ClickHouse MemoryTracking vs MemoryResident: reading the memory gap correctly

You finish a large batch query, open monitoring, and see ClickHouse MemoryTracking drop by 40 GB while MemoryResident barely moves. Or you watch RSS climb for hours after a restart while MemoryTracking tracks the rise steadily. Neither pattern indicates a leak. The gap between ClickHouse’s internal ledger and OS resident set size is normal: the server accounts for memory synchronously while jemalloc retains pages for reuse.

This article explains the mechanism behind the divergence, when the gap is expected, and which metric to trust for which operational decision.

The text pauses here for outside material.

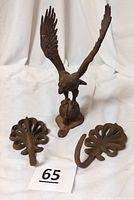Full view of the cast iron eagle figurine with wings raised wide, standing on a ball perch base alongside the pair of decorative vintage cast iron wall hooks.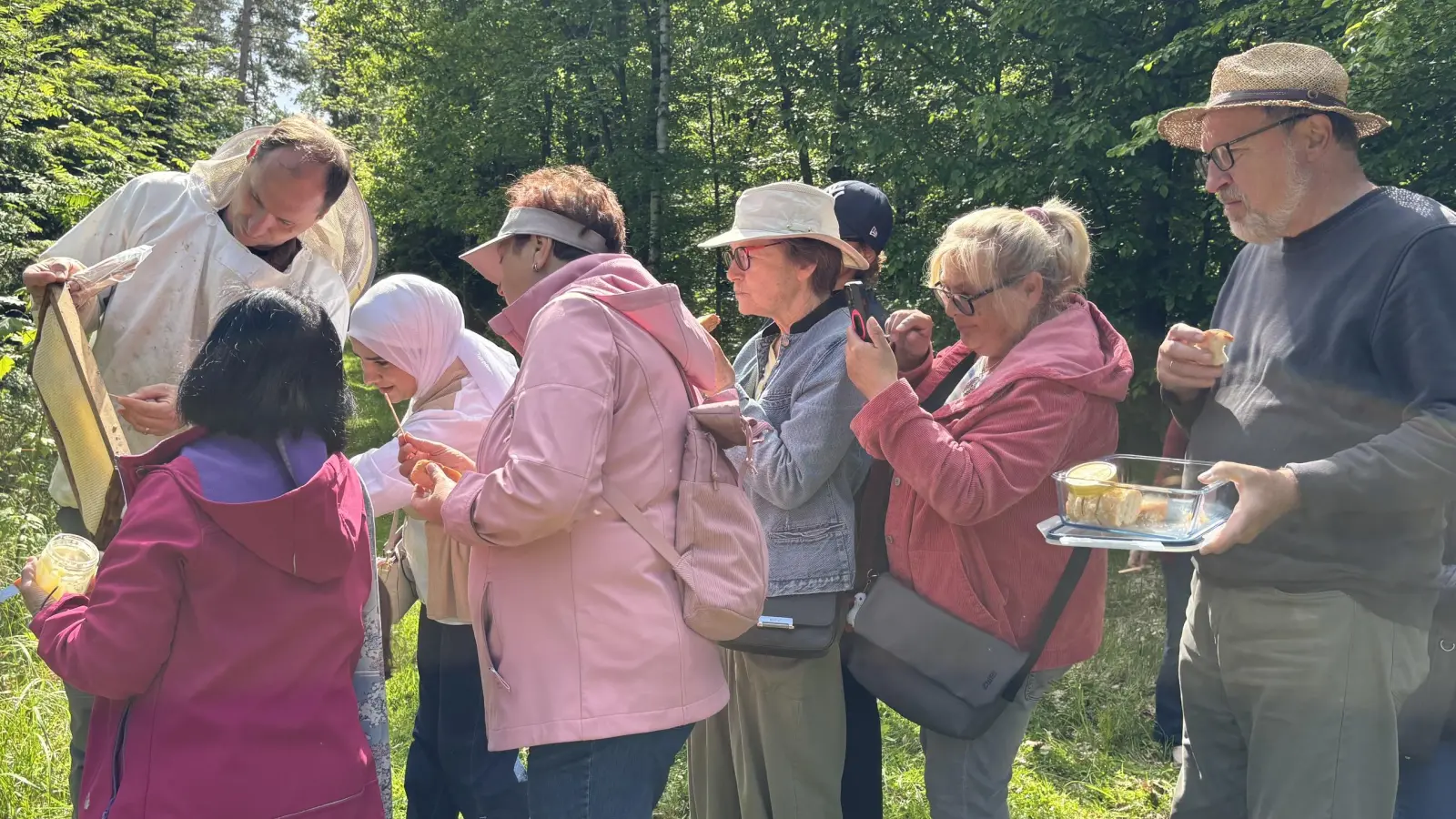 Imker Andreas Feuerabend (links) erläuterte den Frauen des Markt Erlbacher Unterstützerkreises Asyl und der Neustädter Walk- und-Talk-Gruppe Wissenswertes rund um Bienen.  (Foto: Nicole Gunkel)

What it is and why it matters

MemoryTracking lives in system.metrics. It is the sum of all allocations passing through ClickHouse’s hierarchical MemoryTracker: server-level totals, per-user aggregates, and per-query working sets. Every GROUP BY hash table, JOIN buffer, mark cache entry, merge scratch buffer, and decompression block that ClickHouse explicitly manages is added and subtracted synchronously on alloc and free.

MemoryResident lives in system.asynchronous_metrics. It is the RSS of the clickhouse-server process sampled in the background. This is what the Linux OOM killer watches and what container runtimes enforce. Because it includes allocator-retained pages, memory-mapped files, and library overhead that ClickHouse never tracks, it is always equal to or larger than the internally accounted figure.

The two metrics serve different operational purposes. MemoryTracking tells you which query or subsystem is consuming space and whether a single operation is about to hit a per-query or server-wide limit. MemoryResident tells you whether the process is about to be killed by the kernel. Treating MemoryTracking as the single source of truth routinely underestimates true footprint. Treating a post-query RSS plateau as a leak wastes hours profiling a healthy allocator.

How it works

ClickHouse maintains a tree of MemoryTracker objects. When a query executes, its allocator calls track(alloc) and track(free) against the query’s node, which rolls up to the user and server totals. This gives precise attribution: system.processes.memory_usage shows the current allocation, and system.processes.peak_memory_usage shows the high-water mark.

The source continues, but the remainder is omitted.